Task to complete: Please repeat, exactly and without pictures, the lines of the entries below that run from the one containing "गोपालगंज दर्दनाक हादसा- एक" through the one containing "Por lo que deberá".

Supplied entries:
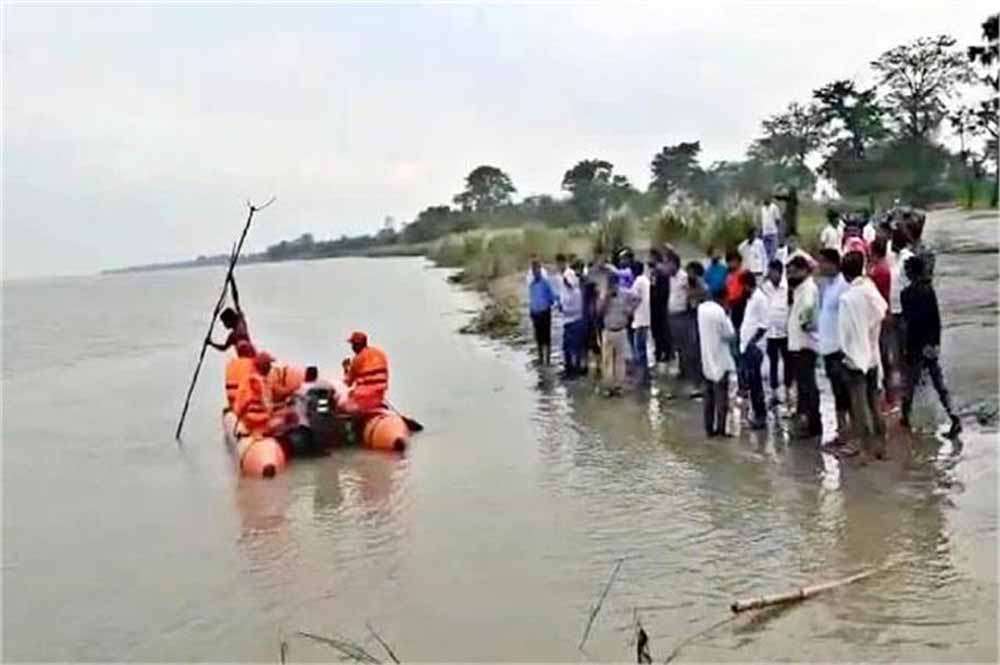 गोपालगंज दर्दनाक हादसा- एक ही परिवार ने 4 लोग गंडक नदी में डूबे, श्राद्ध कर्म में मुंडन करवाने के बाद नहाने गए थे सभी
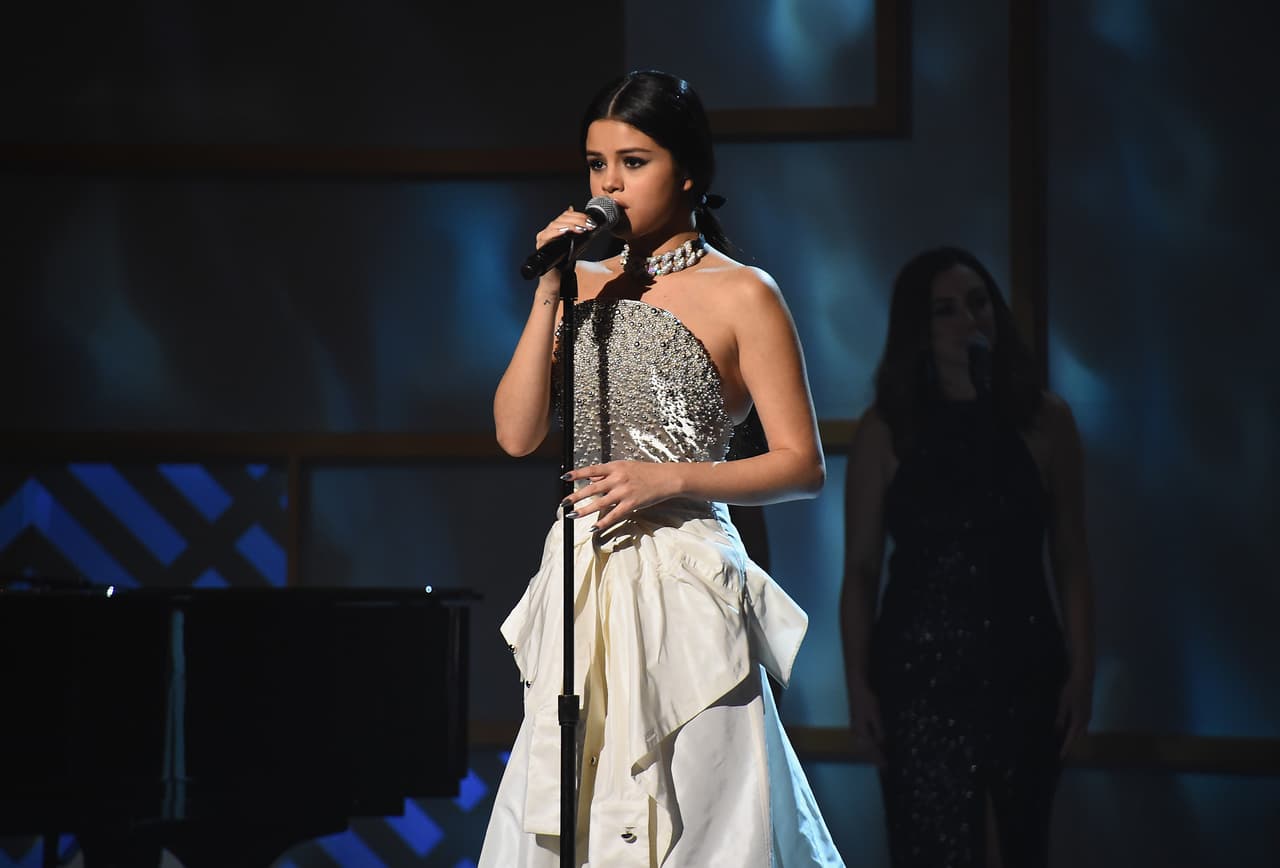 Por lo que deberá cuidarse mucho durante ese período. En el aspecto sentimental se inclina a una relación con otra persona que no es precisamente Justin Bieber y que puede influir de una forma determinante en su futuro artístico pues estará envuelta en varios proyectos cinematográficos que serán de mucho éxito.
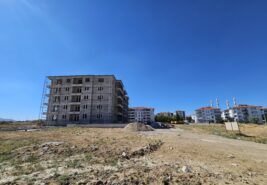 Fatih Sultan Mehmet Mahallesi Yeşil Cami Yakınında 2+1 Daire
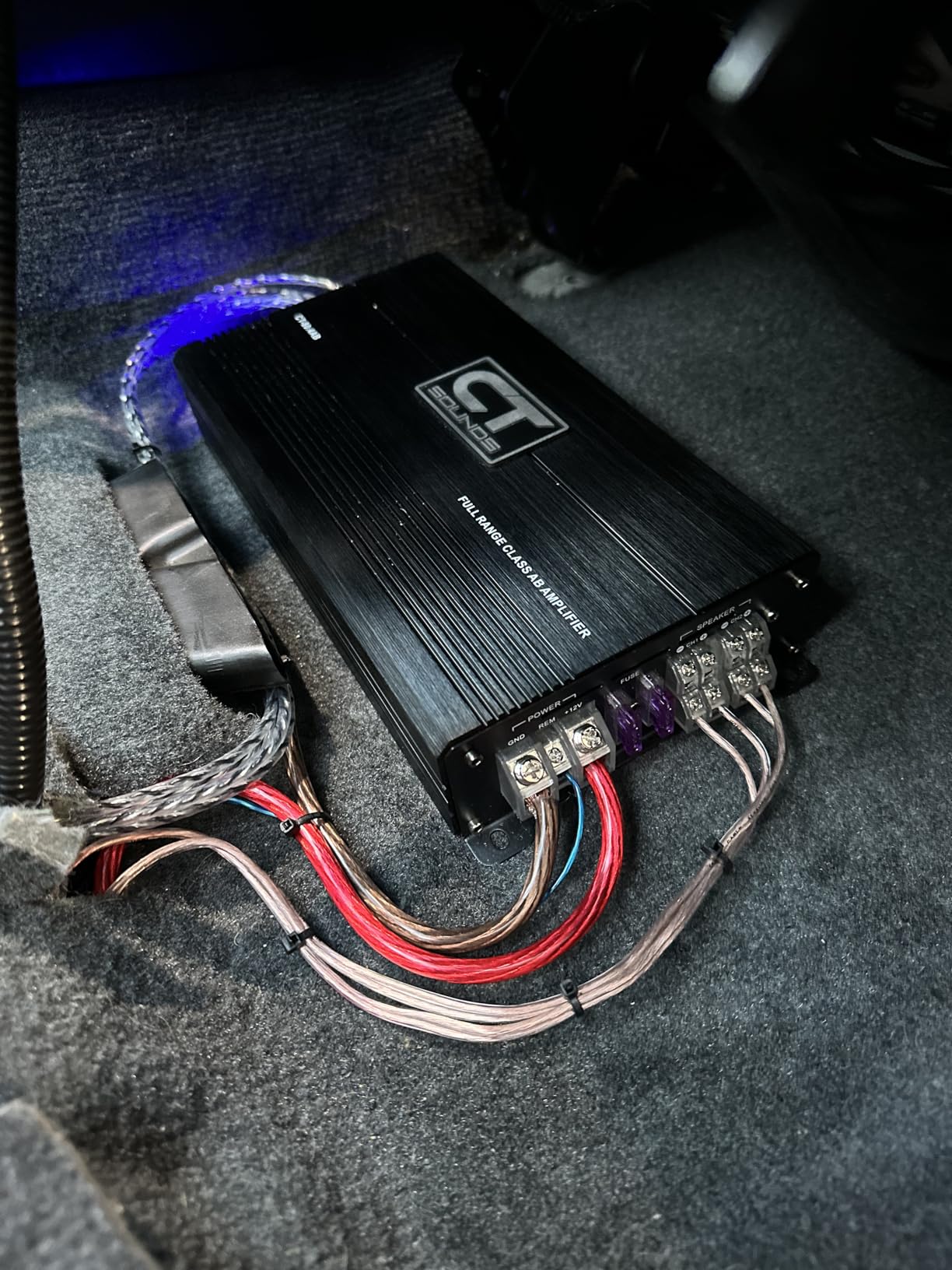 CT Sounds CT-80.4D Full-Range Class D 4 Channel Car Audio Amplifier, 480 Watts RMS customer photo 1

...

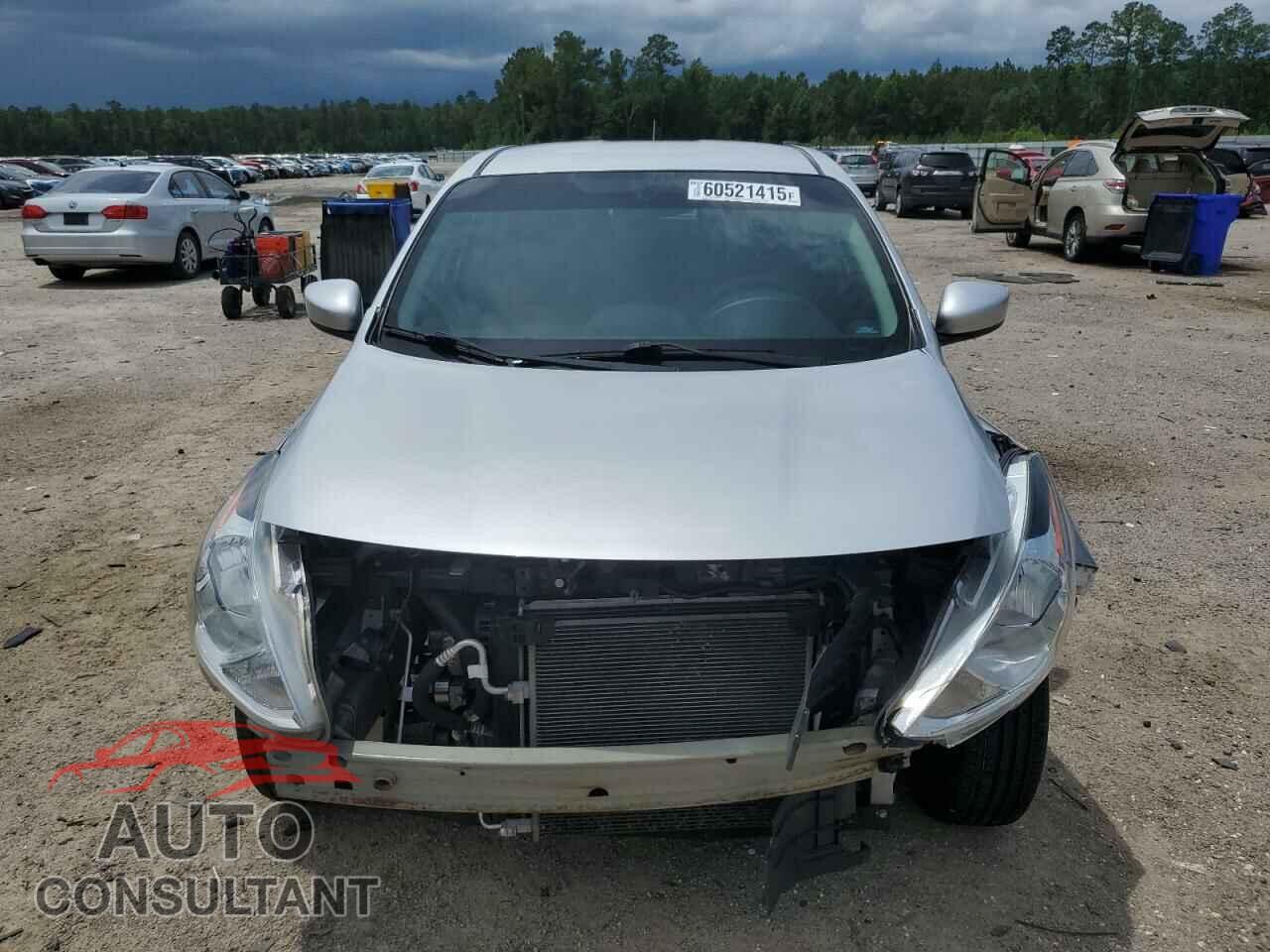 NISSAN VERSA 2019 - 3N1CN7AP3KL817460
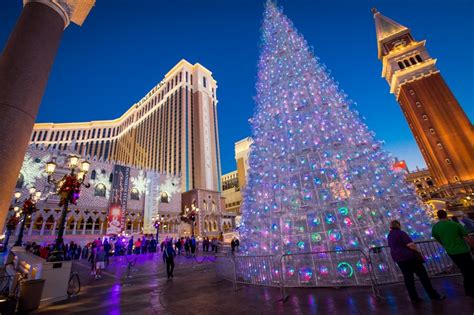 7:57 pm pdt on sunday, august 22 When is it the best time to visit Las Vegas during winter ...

The answer:
 गोपालगंज दर्दनाक हादसा- एक ही परिवार ने 4 लोग गंडक नदी में डूबे, श्राद्ध कर्म में मुंडन करवाने के बाद नहाने गए थे सभी
 Por lo que deberá cuidarse mucho durante ese período. En el aspecto sentimental se inclina a una relación con otra persona que no es precisamente Justin Bieber y que puede influir de una forma determinante en su futuro artístico pues estará envuelta en varios proyectos cinematográficos que serán de mucho éxito.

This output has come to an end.